The diehard bank of scopes trained on one point should have made picking the Hudsonian out from a hundred or so black-tailed godwits a cinch but the search was quite hard. I scanned the entire flock on the scrape about three times, determined to do it the honest way, before settling on a somewhat darker individual. Once isolated, it was obvious. Its other differences were more subtle: it looked larger but that was due to the colouring; its bill was upturned like a barwit, and slimmer and longer. This seemed to allow the bird to feed in deeper water than its flock. For I suppose it must have decided that the blackwits were journey’s end and it must shift in as familiar surroundings as it could.

The rain was still raining so I retreated to the actual Meare Heath hide and would return for a better look later. There, I discovered that the dunlin, noted casually as also being in attendance, were new for my Somerset Levels list.

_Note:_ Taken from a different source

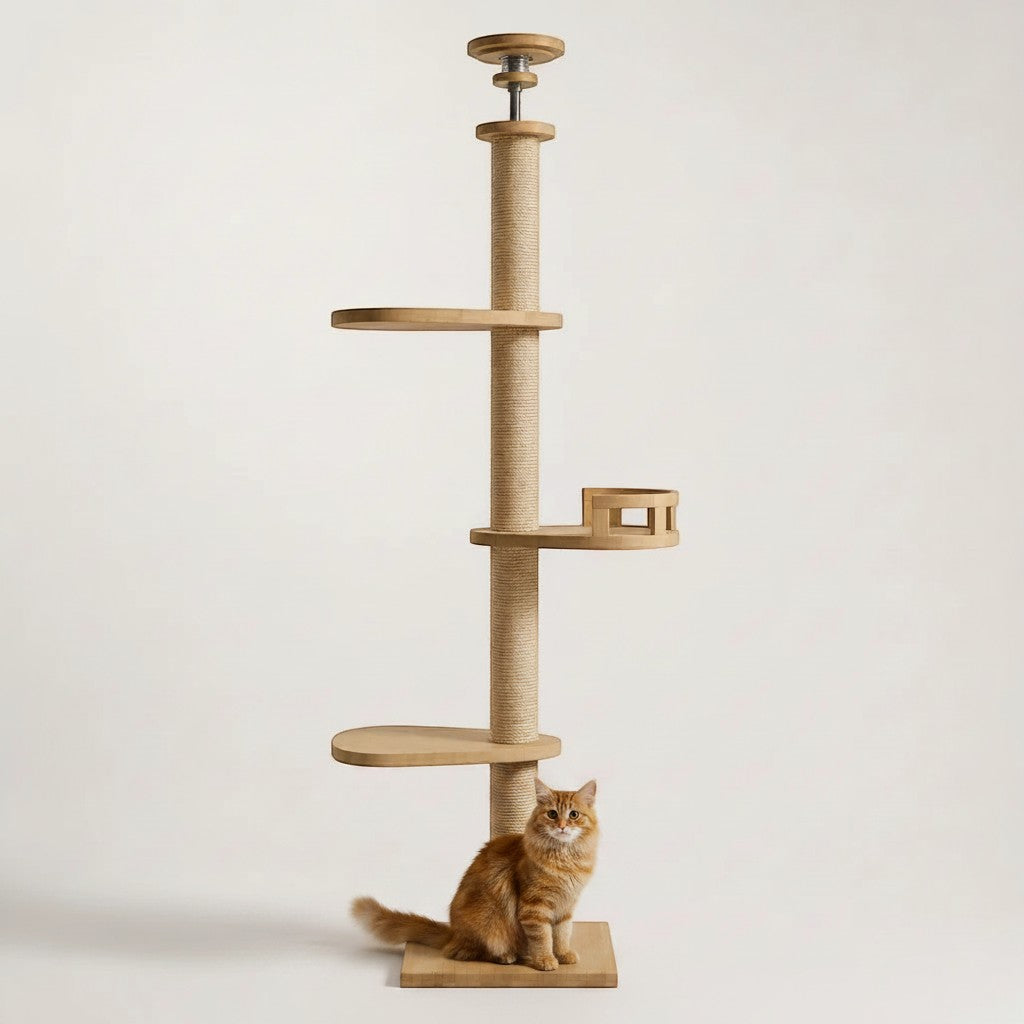 Arbre à chat Bofélin XXL sol-plafond en bois naturel avec poteau en corde de jute et trois plateformes pour chat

The view from the hide was quiet but class birds kept coming. At least three marsh harriers passed and a definite great egret flew; bitterns boomed and cuckoos cucked; a lone hobby hobbed. They all went on the year list.

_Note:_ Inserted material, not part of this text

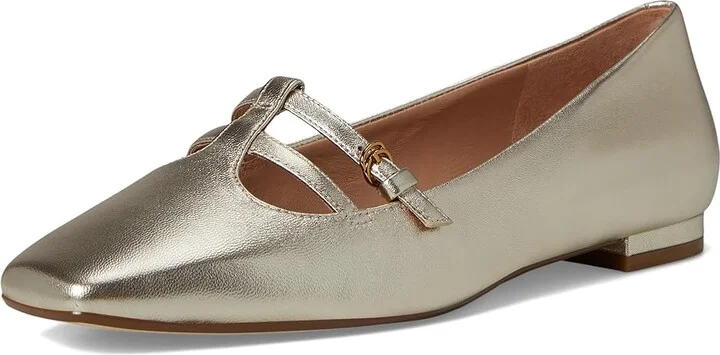 Cole Haan Brigid T-Strap Ballet Flat Women's Flat Shoes Soft Gold Leather : 8 B - Medium, Leather/Rubber - Image 5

My return to the scrape had the hudwit more distant and again hard to locate. However, this time it flew and displayed its diagnostic underwing pattern. That was what everyone had been waiting for.

The interest wasn’t over: as I walked back to the car park, a garden warbler sang. Atypically it was perching on a open branch and easy to see. As nondescript as you could possibly fear, that is nonetheless the species’ best field mark. It also sings gloriously.

Then it was across the road to Ham Wall and the reason why I’d parked so easily: a massive great car park has opened over there – amazing what an absence of a year brings. The birding was quieter if seven hobbies hawking can be called quiet. In all I must have counted a couple of dozen of these smart falcons. A Cetti’s also showed, reed warblers were plentiful and I caught one tantalising electric ping of a bearded tit – also a first for the site. Did I say quiet? Not a bit of it.

The day wasn’t over. I’ve long meant to stop at Pensford for dippers, which are supposed to be guaranteed. I couldn’t drop in without sampling a pint of Crimson King at the Rising Sun and admiring the railway viaduct, which is a theme of late. And the dippers are reliable: a quick glance over the bridge there gave me two straightaway.

I love it when a plan finally comes together.